15 I am not satisfied that the Fines Act 1996 applies to the imposition of a fine where a court is exercising its power to punish for contempt. Nevertheless I propose to make an order that will allow the Registrar to extend the time I initially set for payment of the fine.
16 It should be brought to the attention of the Registrar that in my view the period of time during which Mr Thaler should be allowed to meet the obligation is at least twelve months, provided that he shows that he is making a proper effort to meet his obligation by paying substantial amounts from time to time to the end that the full amount should be paid more or less within that twelve month period.

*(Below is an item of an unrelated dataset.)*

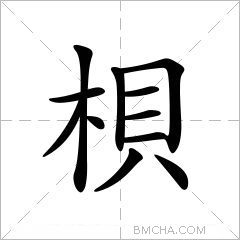 梖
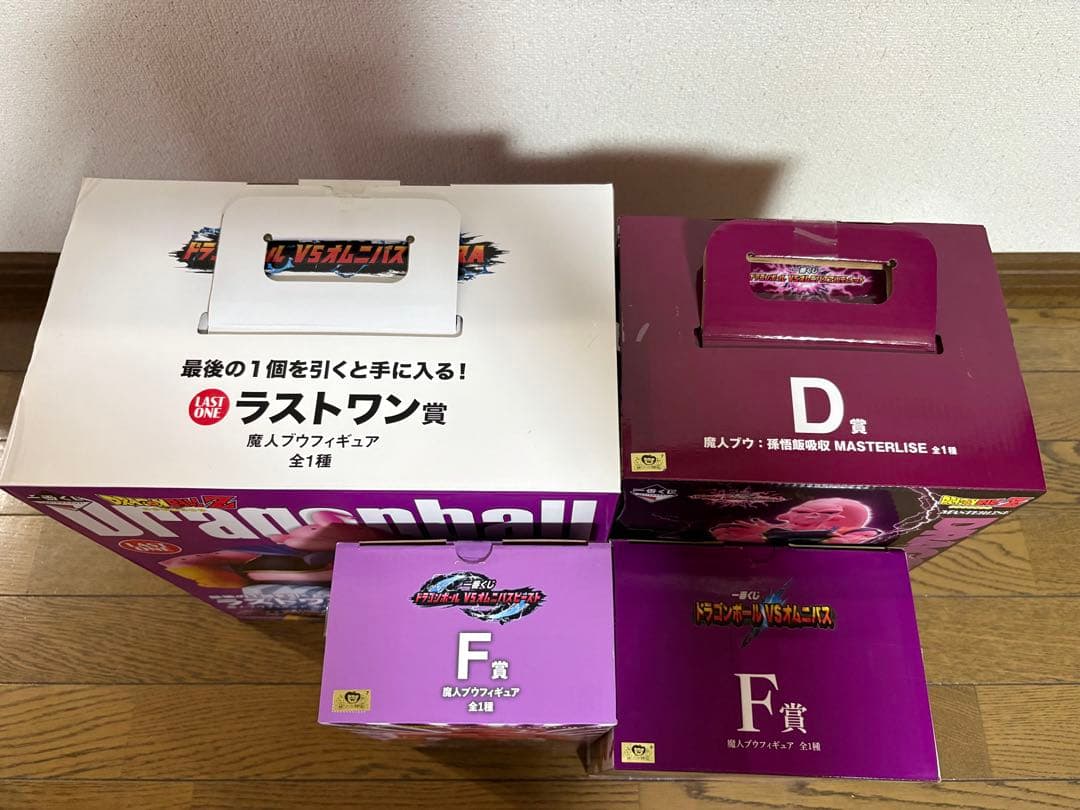 1番くじドラゴンボール 魔人ブウ フィギュア 4体セット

17 Ms Jagot has indicated on behalf of the EPA, and I do not understand Mr Thomas, who appears for the respondent, to submit otherwise, that failure to pay the fine in accordance with the terms set from time to time will amount to further contempt. The prospect is that if the fine is not paid and arguably yet a further order of the Court is not complied with, a submission will be made that Mr Thaler should in that event be subject to a term of imprisonment for failing again to comply with the Court’s order.
18 Mr Thaler, stand up please. I find the offence proved. I find the contempt proved. I proceed to conviction. I order that you pay a fine by way of penalty in the sum of $50,000. I order that you pay the costs of the EPA in relation to the proceedings. I formally direct that the fine be paid within a period of twenty eight days. I select that period in case ultimately it may be found the Fines Act applies. I think it is agreed is not that twenty eight days is the period specified by the Fines Act?
19 THOMAS: It appears to be so your Honour, yes.
20 HIS HONOUR: I do not want to create a conflict. The exhibits may be returned. Treat yourself as lucky this time, Mr Thaler.